Aim of the task: Lines from the one containing "in Schwarz, Einheitsgrösse" through the final line of the data, restated word for word and free of pictures, make up the whole answer.

Captioned web images:
- - -

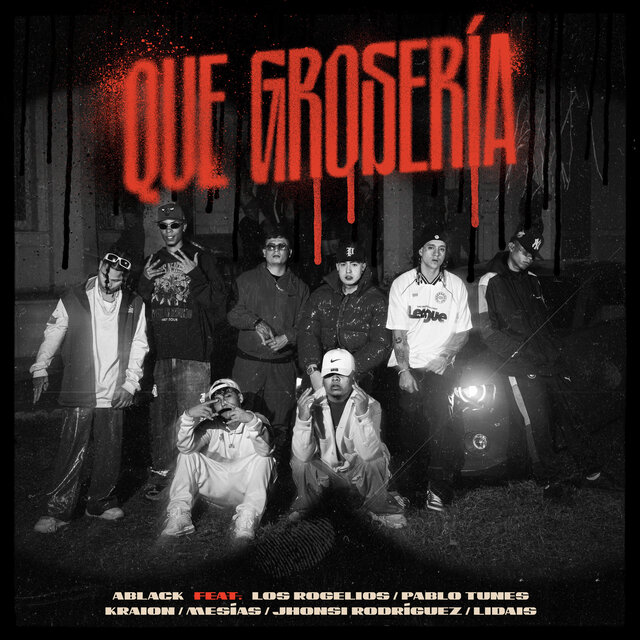 Que Grosería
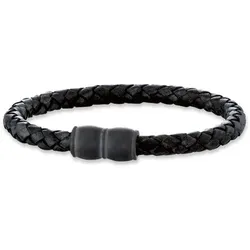 Save Brave  Armbänder SBB-AARON-22-BK  in Schwarz, Einheitsgrösse
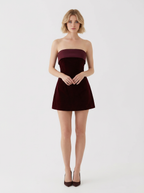 Myra – Mini Klänning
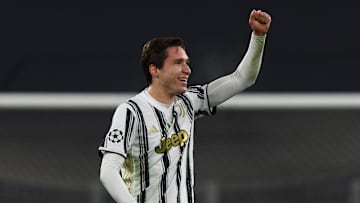Federico Chiesa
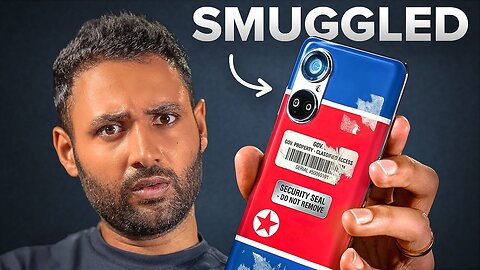 I Investigated the Most Expensive Phone Brand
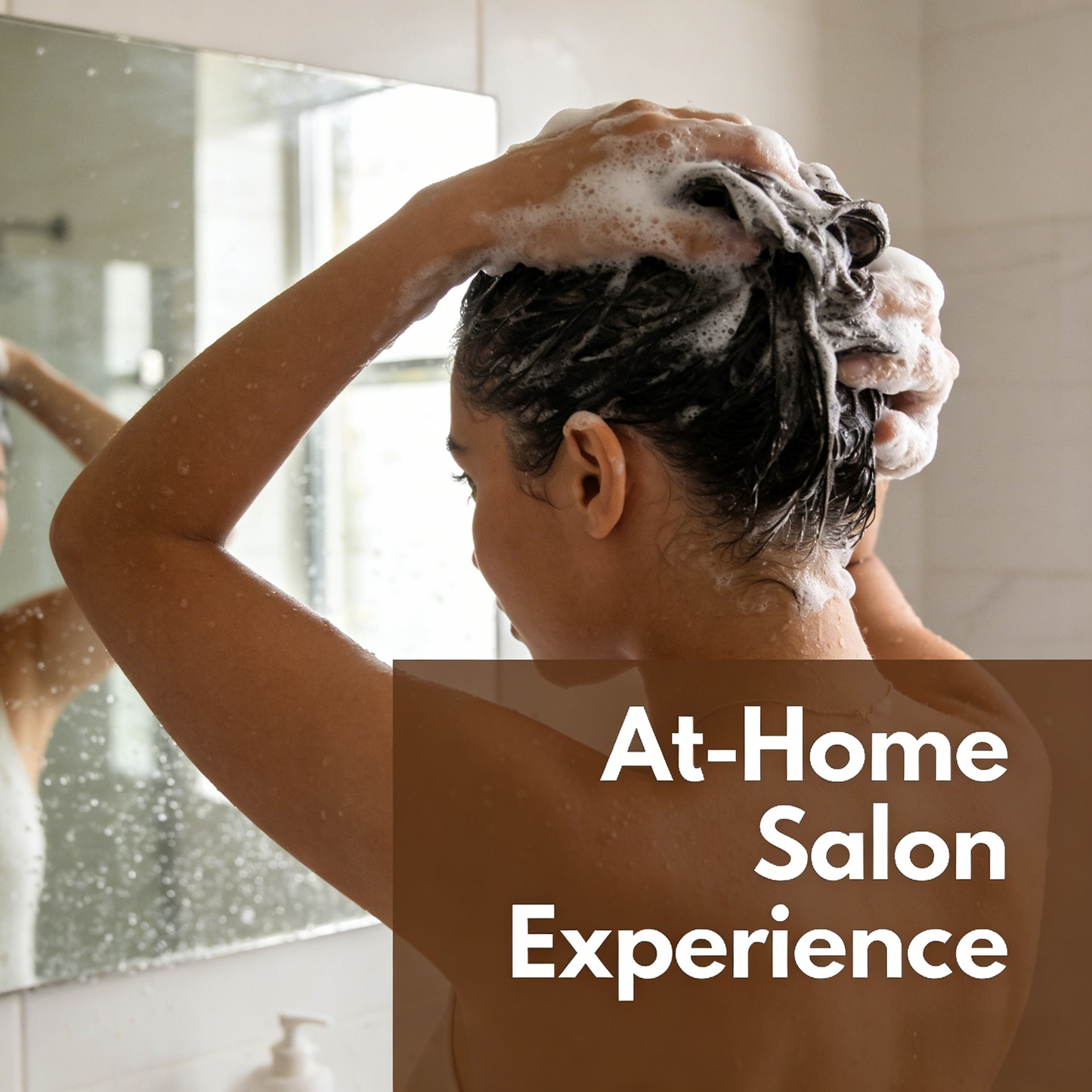 200ml x 2 Batana Oil Shampoo & Conditioner Set – Advanced Hair Growth Formula with Biotin, Castor Oil & Tea Tree for Stronger, Thicker Hair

- - -

Expected answer:
 Save Brave  Armbänder SBB-AARON-22-BK  in Schwarz, Einheitsgrösse
 Myra – Mini Klänning
Federico Chiesa
 I Investigated the Most Expensive Phone Brand
 200ml x 2 Batana Oil Shampoo & Conditioner Set – Advanced Hair Growth Formula with Biotin, Castor Oil & Tea Tree for Stronger, Thicker Hair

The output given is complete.